The individual parishes, like the pieces of a mosaic in full harmony with one another, will form a lively particular Church, organically inserted into the entire People of God. Associations, communities and lay groups can make an indispensable contribution to evangelization, both for formation and for spiritual, charitable, social and cultural animation, always working in harmony with the diocesan pastoral programme and obeying the Bishop's instructions.

Next, I encourage you to continue to care for youth, both those you "know" and those you "do not know".

In this perspective, do not tire of promoting in a concrete and far-reaching way the pastoral care of vocations, which helps young people in search of a true meaning for their lives.

And lastly, what can be said of the family? It is the structural element of social life, which is why the fabric of the Ecclesial Community [after warm applause] - and I see that we agree - and civil society itself can only be renewed by working on behalf of families.

Your land is rich in religious traditions, spiritual leaven and a hardworking Christian life. Down the centuries, faith has forged thought, art and culture, fostering solidarity and respect for human dignity.
The exemplary figures of priests and laypeople are a particularly eloquent expression of your rich Christian patrimony; with a life programme rooted in the Gospel and the Church's teaching, especially during the social upheavals at the end of the 19th century and in the first decades of the 20th, they witnessed to authentic Gospel values as an effective support for a free and just coexistence, paying special attention to those in greatest need.

This shining spiritual legacy, rediscovered and nourished, can only be a secure reference point for effective service to the people of our time and for a journey of civilization and authentic progress.
"Cast the net... and you will find some!". Jesus' command was docilely accepted by the saints and their lives were marked by the miracle of an abundant spiritual catch. I am thinking in a special way of your heavenly Patrons: St Ambrose, St Charles Borromeo, Bl. Matteo Carreri.

I am also thinking of two distinguished sons of this area, the causes of whose beatification are underway: Venerable Francesco Pianzola, a priest motivated by an ardent evangelical spirit who was able to respond to the forms of spiritual poverty of his time with a courageous missionary approach, attentive to those who were most distant and particularly to the young; and the Servant of God Teresio Olivelli, a layman of Catholic Action who died in the concentration camp at Hersbruck when he was only 29 years old, a sacrificial victim of brutal violence which he tenaciously countered with the ardour of love.

These two exceptional figures of faithful disciples of Christ are an eloquent sign of the wonders the Lord has worked in the Church of Vigevano. Mirror these models, who make the action of Grace manifest and are an encouragement to the People of God to follow Christ on the demanding path of holiness.

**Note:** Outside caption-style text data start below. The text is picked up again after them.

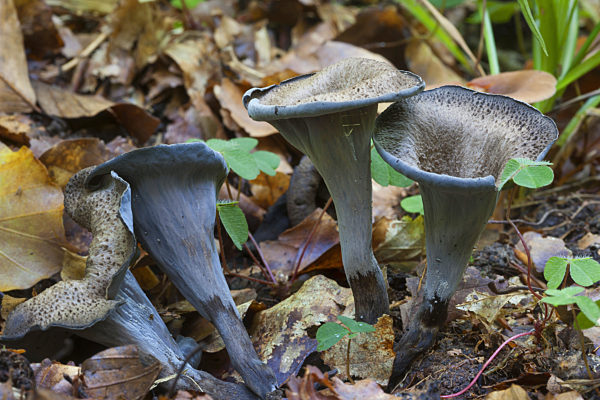 Herbsttrompete, Herbst-Trompete, Totentrompete, Toten-Trompete, Kraterelle, Toten-Trichterling, Totentrichterling, Craterellus cornucopioides, Cantharellus cornucopioides, Craterella cornucopioides, Horn of plenty, Black Trumpet, Black chanterelle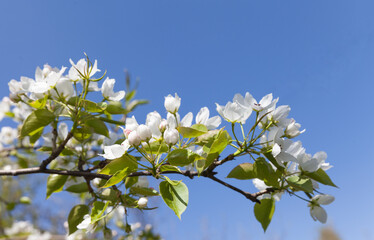 Beautiful blossoming apple tree branches against a blue sky in a city park on a sunny spring day. Natural spring floral background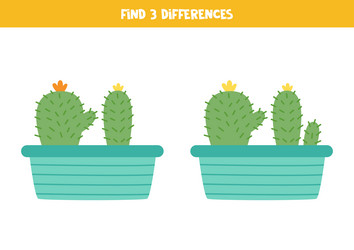 find 3 differences between two cacti in pots vector image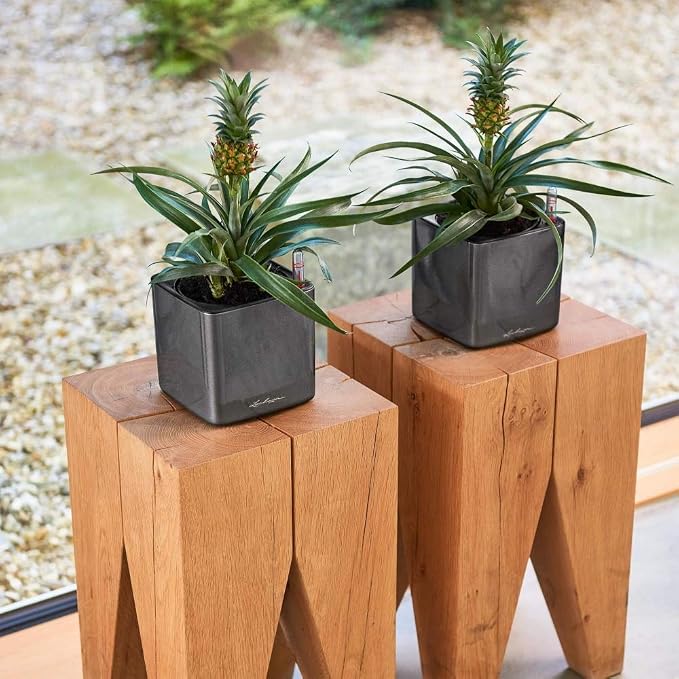 Lechuza Cube Glossy 16 Charcoal High Gloss, Self-Watering Indoor Small Plant Pot, H6.3 L6.7 W6.7 in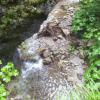 , Janek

Dear brothers and sisters of the Diocese of Vigevano, my thoughts lastly go to the Mother of God, whom you venerate under the title Madonna della Bozzola. I entrust all your Communities to her so that they may obtain a renewed outpouring of the Holy Spirit on this beloved Diocese.

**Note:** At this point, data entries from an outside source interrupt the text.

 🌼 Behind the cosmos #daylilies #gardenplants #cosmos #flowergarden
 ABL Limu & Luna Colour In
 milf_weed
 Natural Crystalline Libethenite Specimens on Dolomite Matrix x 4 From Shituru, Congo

The exhausting yet sterile nocturnal fishing of the disciples is a perennial warning for the Church of all ages: alone, without Jesus, we can do nothing! In apostolic tasks our own forces do not suffice; even if our work is well organized it proves ineffective without divine Grace.

Let us pray together that your diocesan Community will be able to receive Christ's mandate joyfully and with renewed generosity be ready to "cast" its nets. It will then certainly experience a miraculous catch, a sign of the dynamic power of the Word and Presence of the Lord, who ceaselessly confers upon his People a "renewed youth of the Spirit" (Collect).